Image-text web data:
-- Opening Marker --

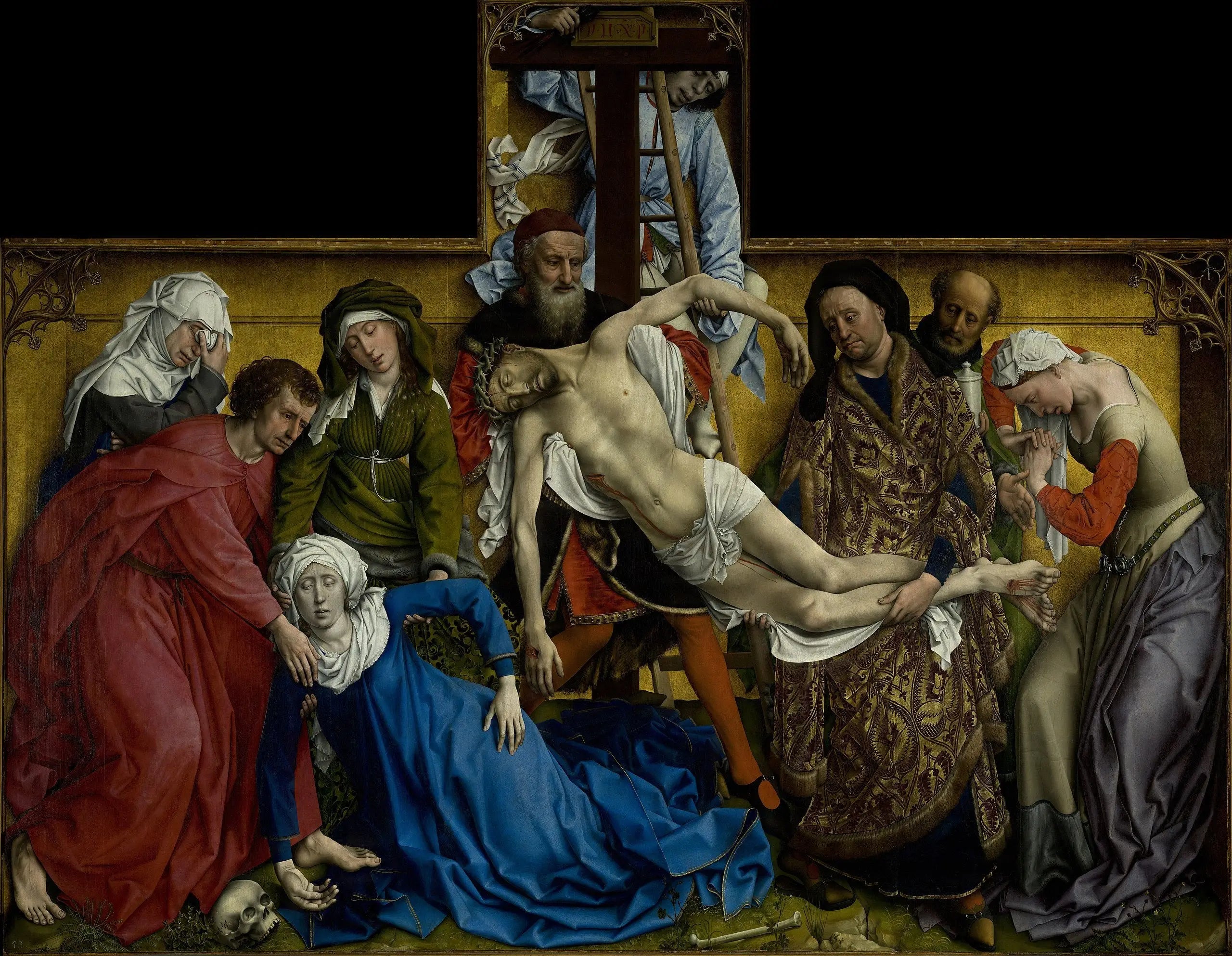 La Descente de Croix - Rogier van der Weyden image 1 reproduction artisanale de tableau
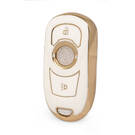 Nano Funda de cuero dorado de alta calidad para llave remota Buick, 3 botones, Color blanco, BK-A13J4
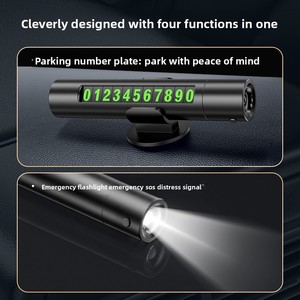 Marteau de sécurité d'urgence 4-en-1 XYC noir pour briser les vitres de <span class=keywords><strong>voiture</strong></span>, en alliage d'aluminium et ABS, outil d'évasion multifonctionnel - Product Image 3
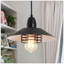 Luminaire suspendu en métal Farmhouse Vintage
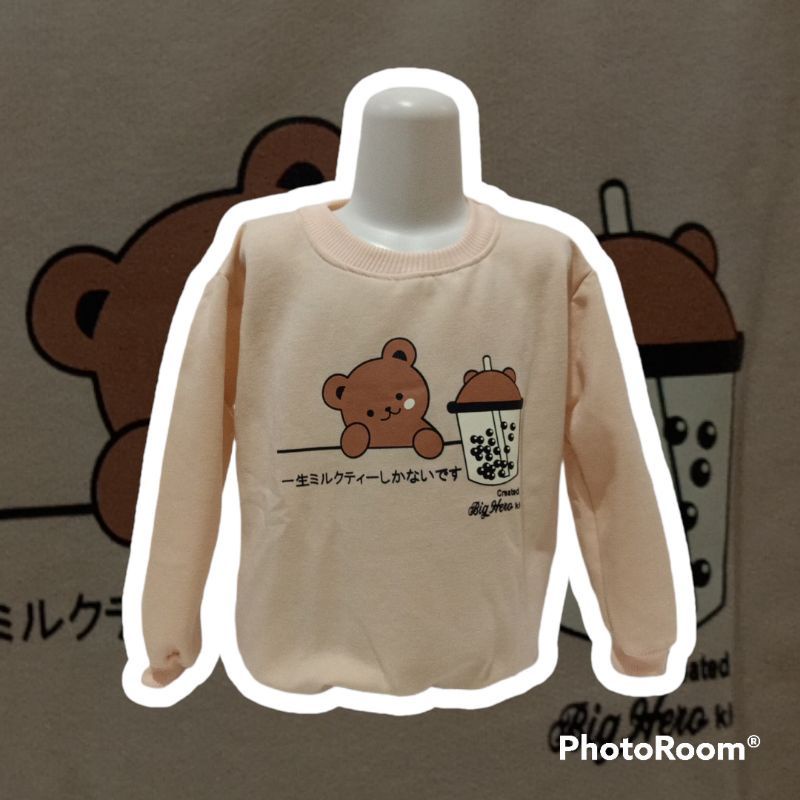 PDF crewneck anak perempuan usia 3-9 tahun sweater anak perempuan baju hangat anak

-- Closing Marker --

**Work to be completed**. Please repeat every record exactly, leaving the pictures out.

**Result**.
 La Descente de Croix - Rogier van der Weyden image 1 reproduction artisanale de tableau
 Nano Funda de cuero dorado de alta calidad para llave remota Buick, 3 botones, Color blanco, BK-A13J4
 Marteau de sécurité d'urgence 4-en-1 XYC noir pour briser les vitres de <span class=keywords><strong>voiture</strong></span>, en alliage d'aluminium et ABS, outil d'évasion multifonctionnel - Product Image 3
 Luminaire suspendu en métal Farmhouse Vintage
 PDF crewneck anak perempuan usia 3-9 tahun sweater anak perempuan baju hangat anak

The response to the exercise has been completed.